■ Given data
__________________________________________________

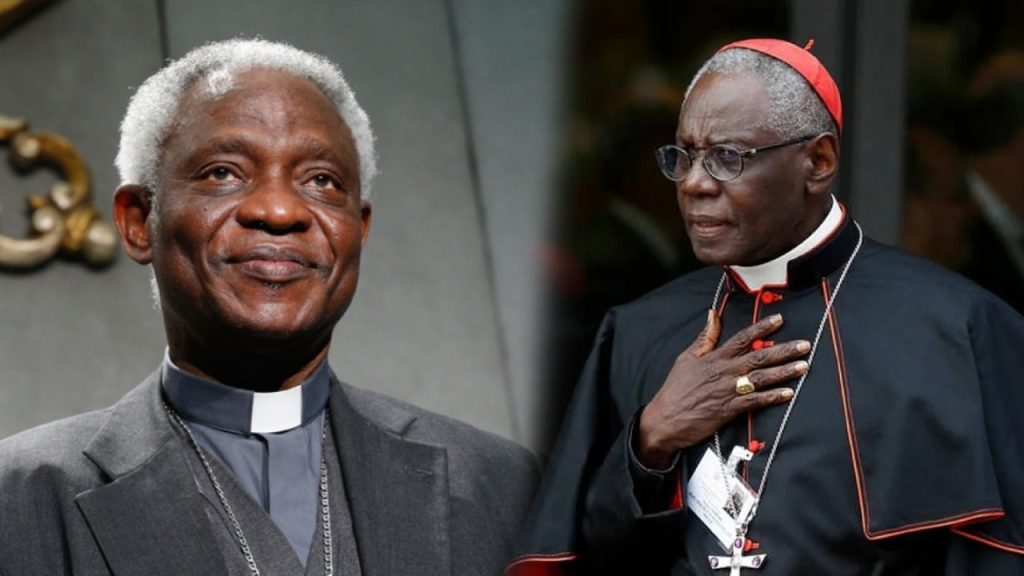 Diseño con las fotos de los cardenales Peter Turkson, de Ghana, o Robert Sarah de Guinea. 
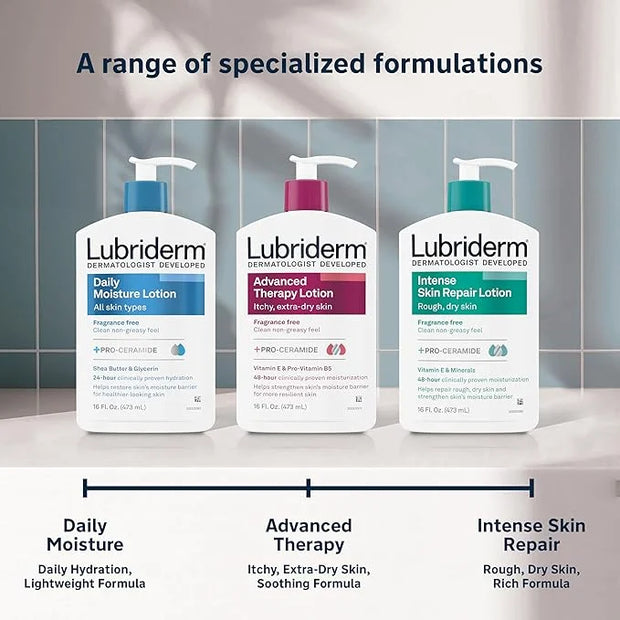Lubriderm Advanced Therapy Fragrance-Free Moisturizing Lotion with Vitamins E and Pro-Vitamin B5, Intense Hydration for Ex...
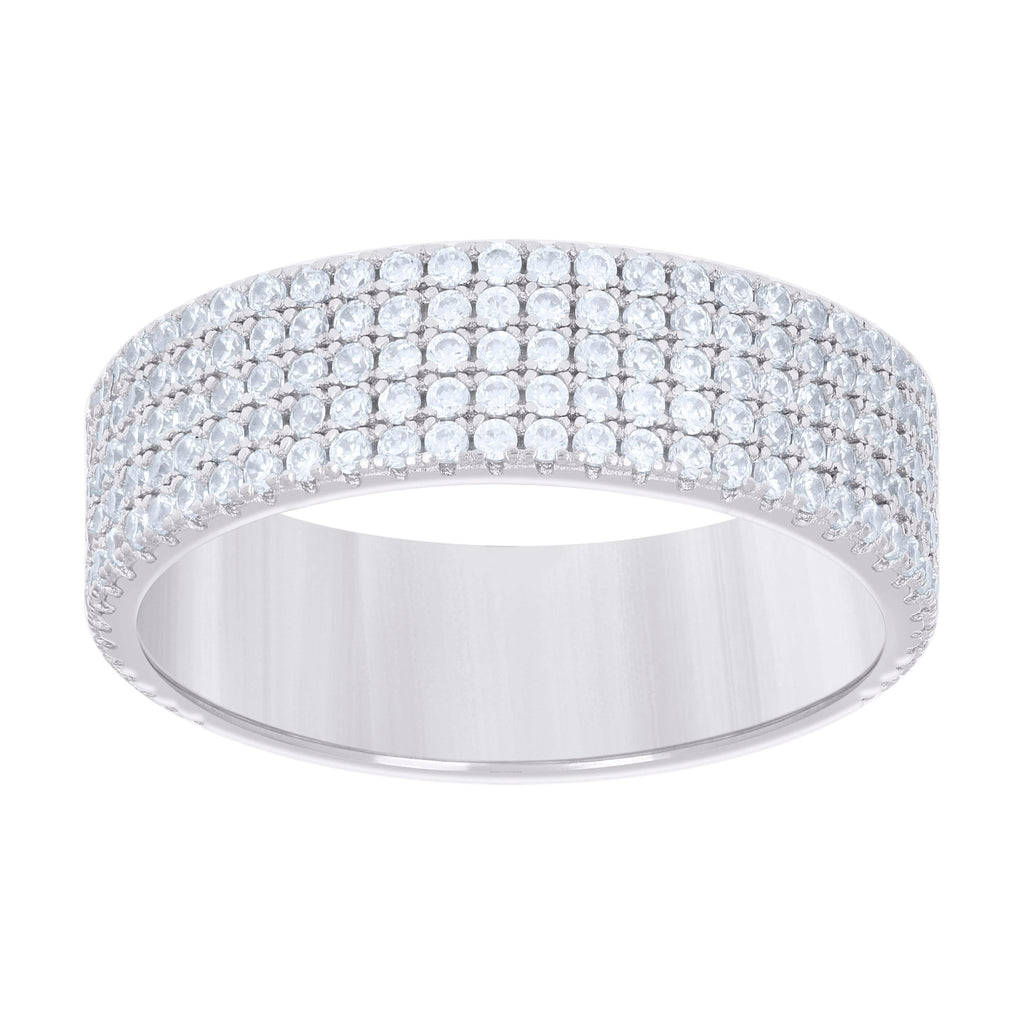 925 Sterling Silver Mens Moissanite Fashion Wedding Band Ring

__________________________________________________

Would you please retype the material above exactly and leave out each picture?

 Diseño con las fotos de los cardenales Peter Turkson, de Ghana, o Robert Sarah de Guinea. 
Lubriderm Advanced Therapy Fragrance-Free Moisturizing Lotion with Vitamins E and Pro-Vitamin B5, Intense Hydration for Ex...
 925 Sterling Silver Mens Moissanite Fashion Wedding Band Ring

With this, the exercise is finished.